Hybird GC issues in lua 5.4

classic Classic list List threaded Threaded
8 messages Options
Reply | Threaded
Open this post in threaded view
|

Hybird GC issues in lua 5.4

云风 Cloud Wu
We switched to lua 5.4 in our new online game project , and tried
generational GC.

1. Major cycle is too slow to accept. (More than 1 second stop-the-world)
2. Minor cycle is good, it's fast and it reduces the rate of memory
growth and the peak memory usage.

We tried a hybird mode between incremental gc and generational gc.

1. Stop the automatic collector. Memory allocate driven collector is
not suitable in our case.
2. We use a timer to call gc step manually. Every time we call lua_gc
with LUA_GCSTEP, we measure the time the collector cost, and do not
let the time too long. That is to say, we use a time-driven collector
rather than allocate-driven collector.
3. We use generational mode at start, run some minor/young cycles, and
when the total memory increased to a threshold value, we switch it to
incremental  mode, and switch back after a full cycle (It goes through
a number of steps).

They works fine except enterinc(). When switching from generational to
incremental , it stop-the-world about 100ms~400ms / 1GB memory.

I guess the reason is `whitelist(g, g->allgc)`. It traverses all the
object. Is it possible to improved this in future ? I think it's not
very diffcult, we can add a stage something like GCSenterinc before
GCSpause.

Another issue is about the memory layout of TString.

I think using a pointer to hold the string data would be better the
putting the data into a continuous TString structure.

Although an additonal pointer would waste 4/8 bytes memory, but
TString object can be a small fixed size object. It's more
cache-friendly to GC , and many general purpose allocator could manage
small objects more efficiently.




--
http://blog.codingnow.com
Reply | Threaded
Open this post in threaded view
|

Re: Hybird GC issues in lua 5.4

Roberto Ierusalimschy
> 3. We use generational mode at start, run some minor/young cycles, and
> when the total memory increased to a threshold value, we switch it to
> incremental  mode, and switch back after a full cycle (It goes through
> a number of steps).
>
> They works fine except enterinc().

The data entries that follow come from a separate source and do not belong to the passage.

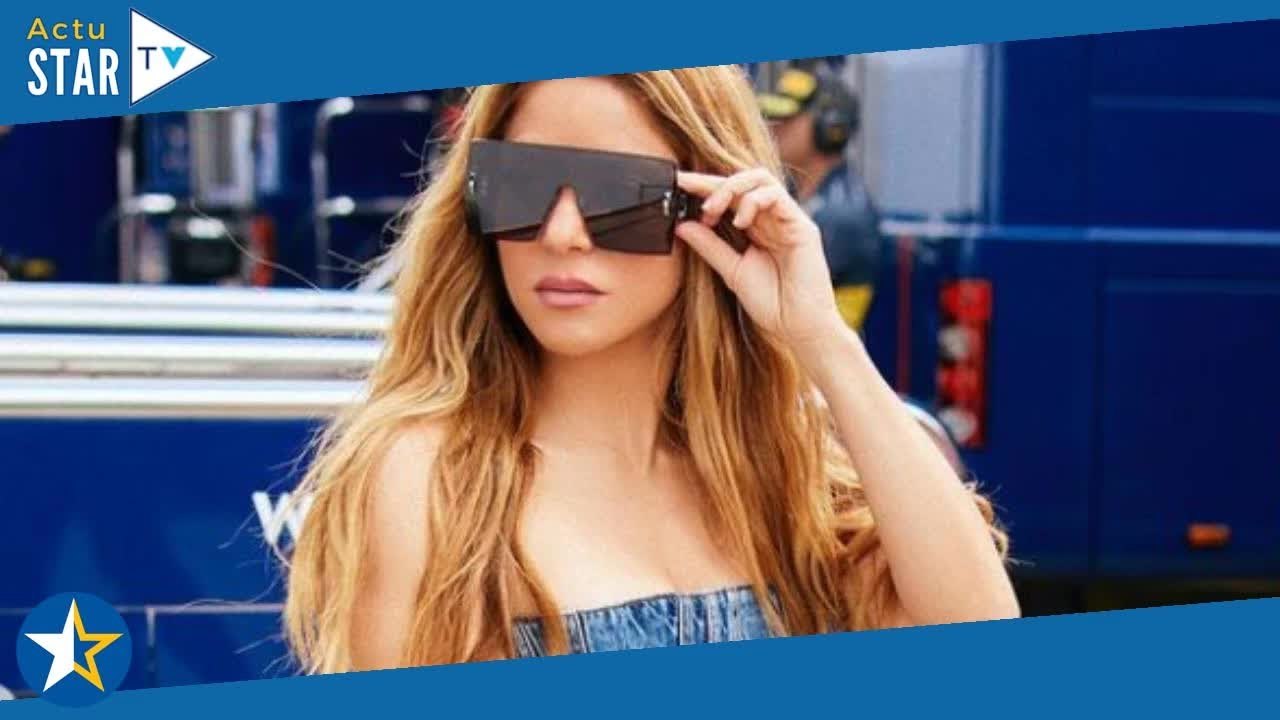 Shakira et Lewis Hamilton en couple ? Cette nouvelle sortie qui alimente la rumeur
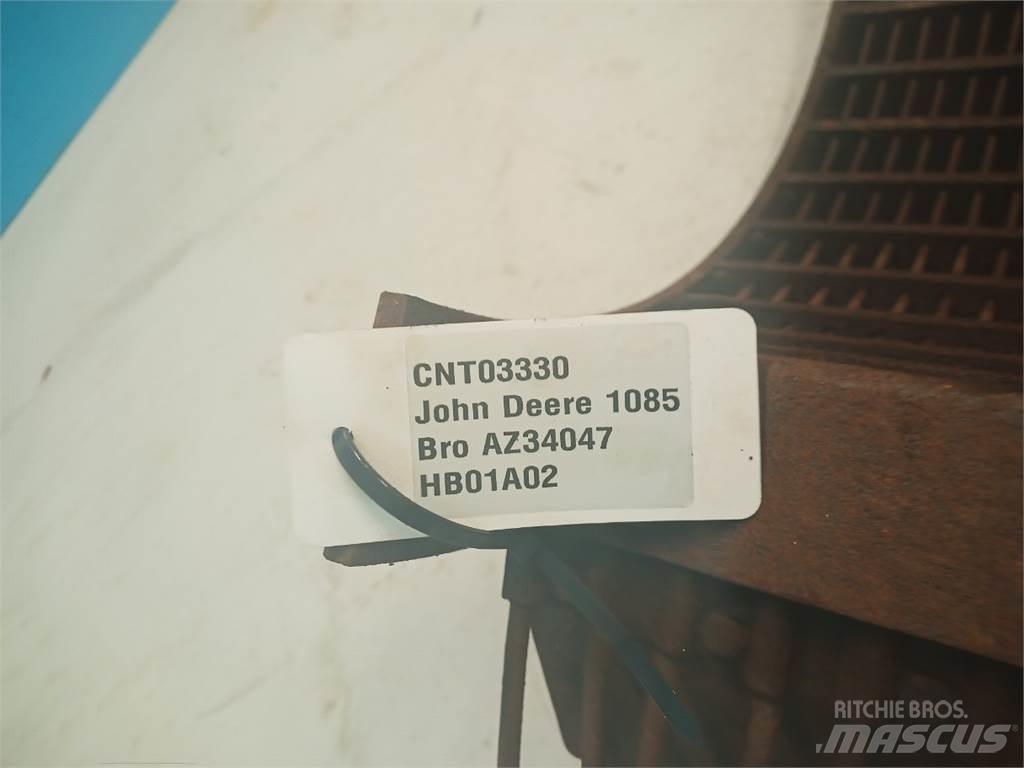 John Deere 1085 Príslušenstvo a náhradné diely ku kombajnom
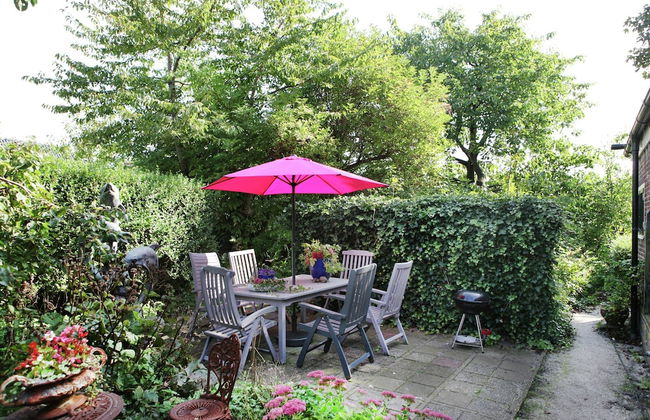 Welcoming Farmhouse With Parking, Terrace, Garden, Barbecue - Foto 18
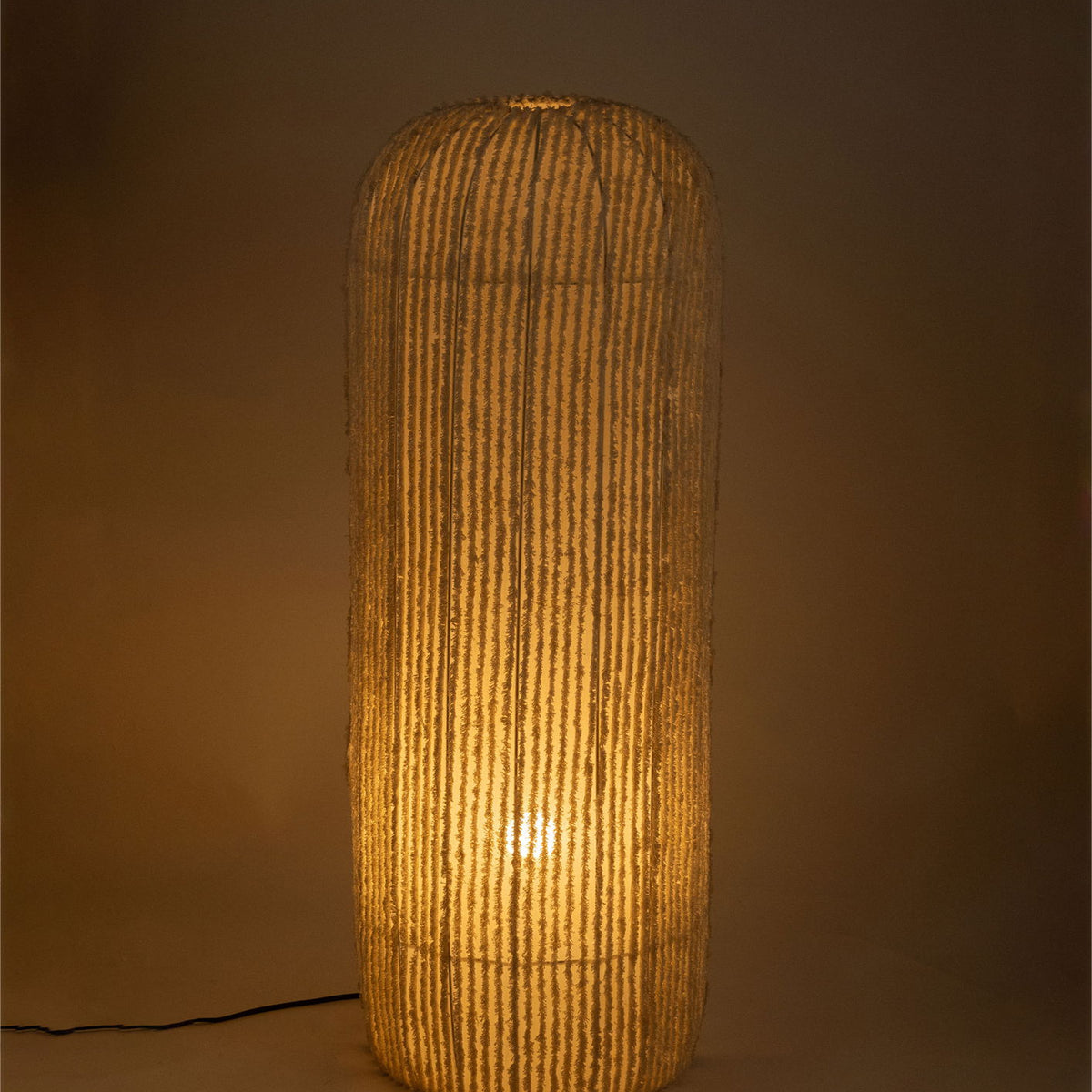 Aurello - Fabric Floor Lamp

When switching from generational to
> incremental , it stop-the-world about 100ms~400ms / 1GB memory.
>
> I guess the reason is `whitelist(g, g->allgc)`. It traverses all the
> object. Is it possible to improved this in future ? I think it's not
> very diffcult, we can add a stage something like GCSenterinc before
> GCSpause.

This seems doable; Lua could white this list incrementally, too.
Certainly these transitions between modes could be improved.


> Another issue is about the memory layout of TString.
>
> I think using a pointer to hold the string data would be better the
> putting the data into a continuous TString structure.
>
> Although an additonal pointer would waste 4/8 bytes memory, but
> TString object can be a small fixed size object. It's more
> cache-friendly to GC , and many general purpose allocator could manage
> small objects more efficiently.

Besides this fixed-size headers, the allocator still would have
to deal with the variable-size contents. And the waste would
probably be larger than 4/8 bytes, because each extra memory block
aslo wastes some bytes in its header. Or not?

-- Roberto
Reply | Threaded
Open this post in threaded view
|

Re: Hybird GC issues in lua 5.4

Hugo Musso Gualandi



> I think using a pointer to hold the string data would be better then
> putting the data into a continuous TString structure.

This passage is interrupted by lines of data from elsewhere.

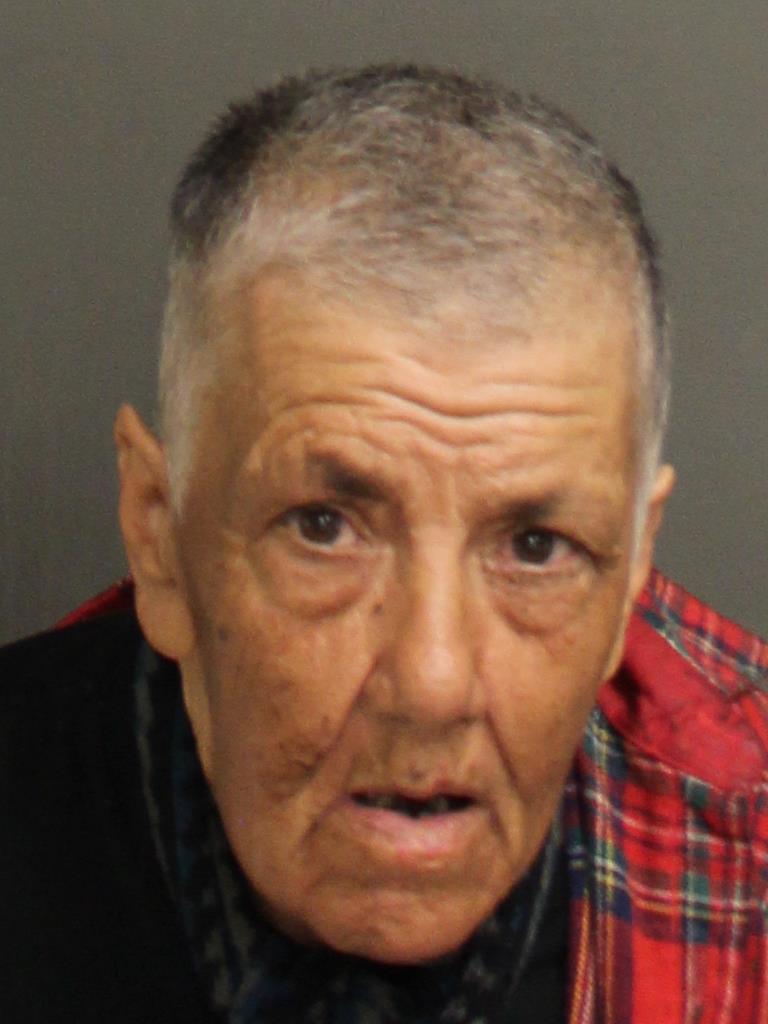  JEANNE MAE RODGER Mugshot / County Arrests / Orange County Arrests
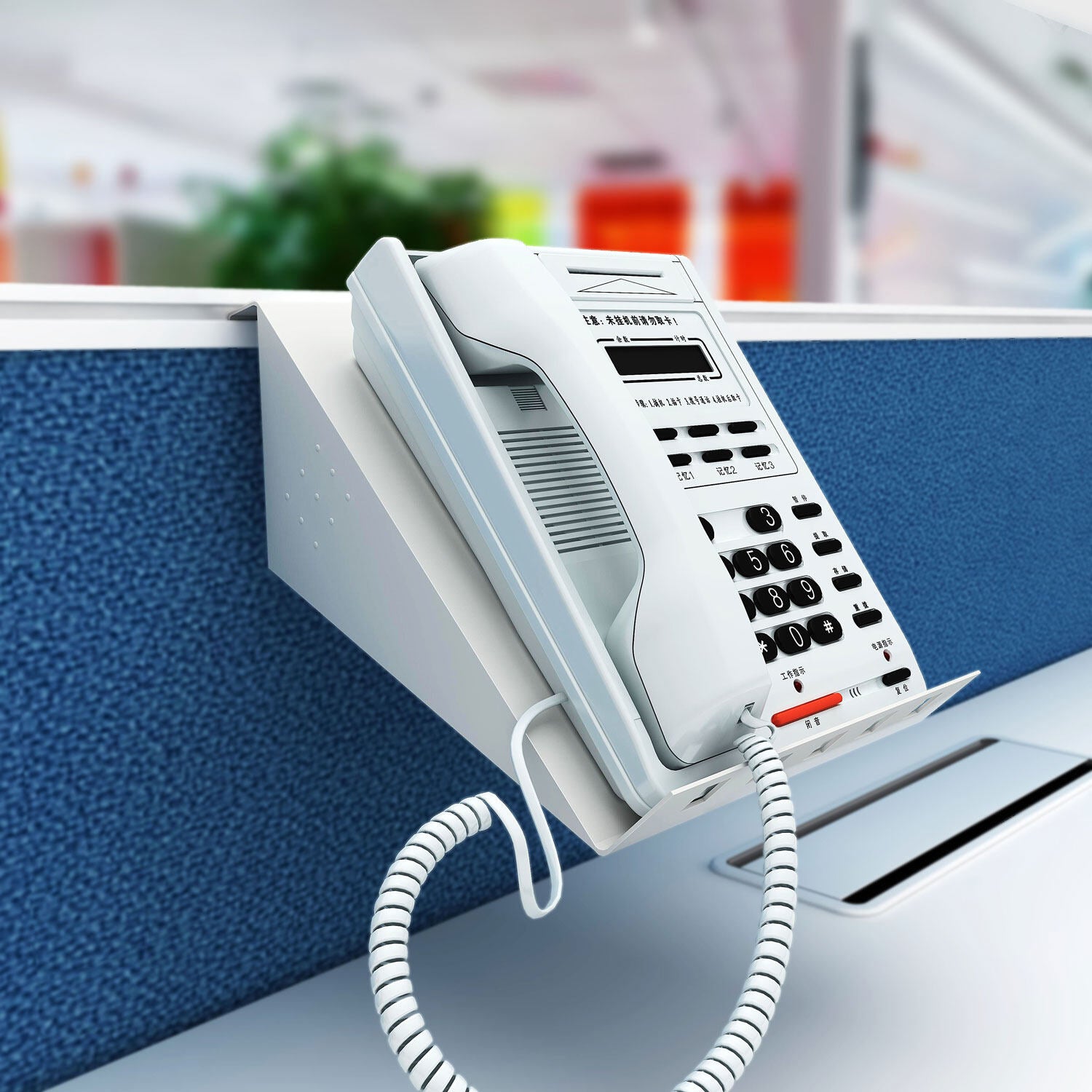 Telephone Tray - Bellucci & Ross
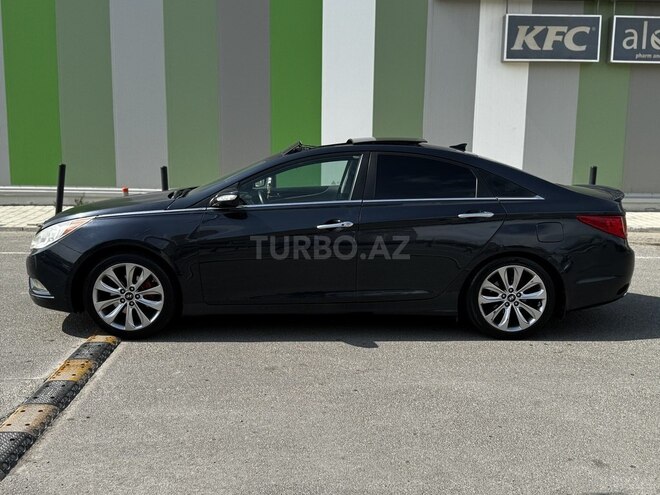 Hyundai Sonata 2012, 321,869 km - 2.0 l - Sumqayıt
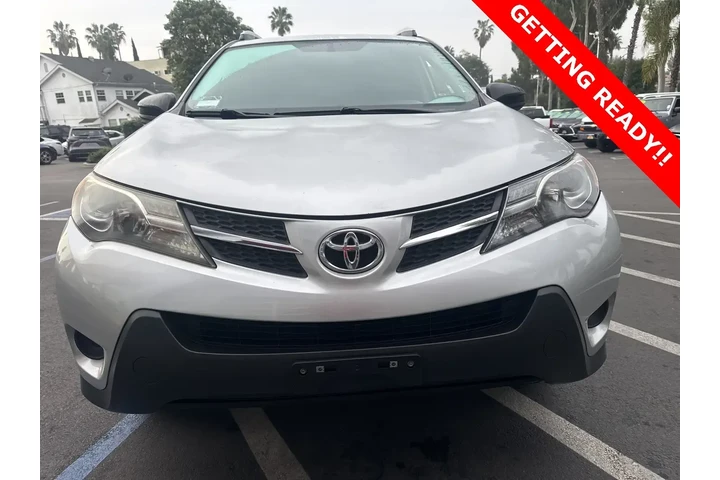 $13299 : Toyota RAV4 2015 LE 4dr SUV image 8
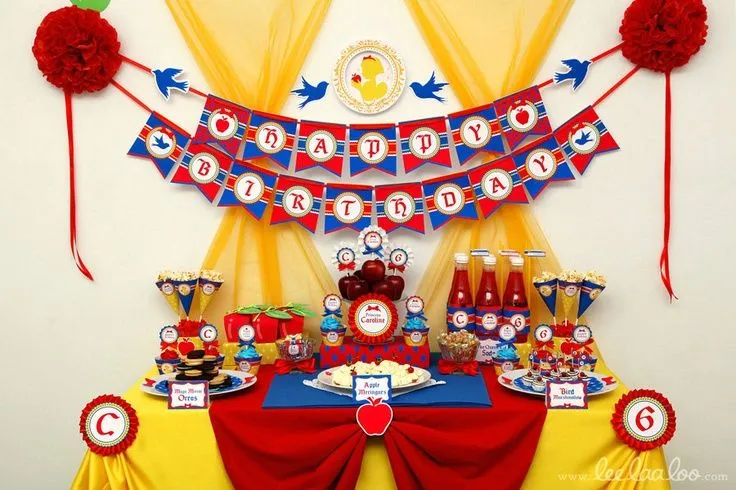 ideas fiesta de cumpleanos infantil | facilisimo.com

One advantage of putting the string data in a contiguous structure is that it avoids having to go through an additional layer of pointer indirection to read the string contents.

But to be honest, I don't know how much that matters in practice. That's an interesting question.
Reply | Threaded
Open this post in threaded view
|

Re: Hybird GC issues in lua 5.4

云风 Cloud Wu
In reply to this post by Roberto Ierusalimschy
Roberto Ierusalimschy <[hidden email]> 于2020年12月23日周三 上午3:52写道:
> This seems doable; Lua could white this list incrementally, too.
> Certainly these transitions between modes could be improved.

You may consider entergen(), I think it also can be improved to avoid
stop-the-world problem.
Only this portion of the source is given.